There are about 15 different creature forms (or so the UI in my demo implied), and while you're initially limited to copying nearby corpses, by using the same forms repeatedly you can permanently unlock them and assign a few of them to your loadout. This works just like your weapons, abilities, and equipment (think Hollow Knight charms), which all have limited slots that can be reallocated at save points. I didn't realize this at all in the first demo, and the combat and exploration implications of having the monster forms of my choice on tap are making my head spin. It's a huge addition to the Metroidvania genre's search-action formula. It's not just me, either; Grégoire says that balancing for all the creature forms, and finding the literal balance of vanilla Harlo and biomorphed play time, was difficult.
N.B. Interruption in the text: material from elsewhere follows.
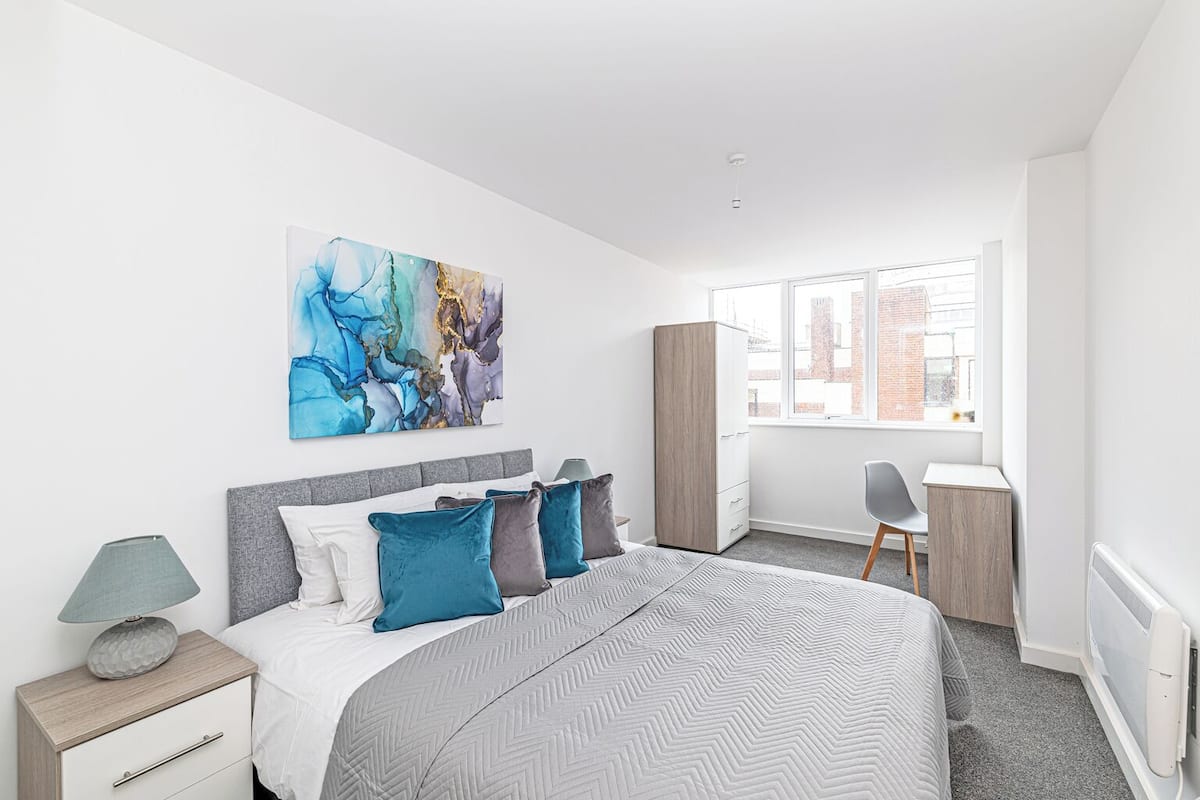 A modern bedroom with a bed, a desk, and a chair.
"Right now, even the demo that you have, a main issue that we had was the balance. We're still working on that, but it was the balance between the weapon that you have as the player and the weapon that you have as the creatures. I did a system that is more reminiscent of Ender Lilies. [For example,] the weapon that you have, the gun, was overpowered. Somebody could kill the boss because you always add infinite charge, so somebody could get on the wall and just shoot. So we needed to be wise about how we handled that. And there were some creatures that can throw a boomerang, or something like that, which is a little bit like the gun because it can deal multiple hits if there are multiple creatures in this path.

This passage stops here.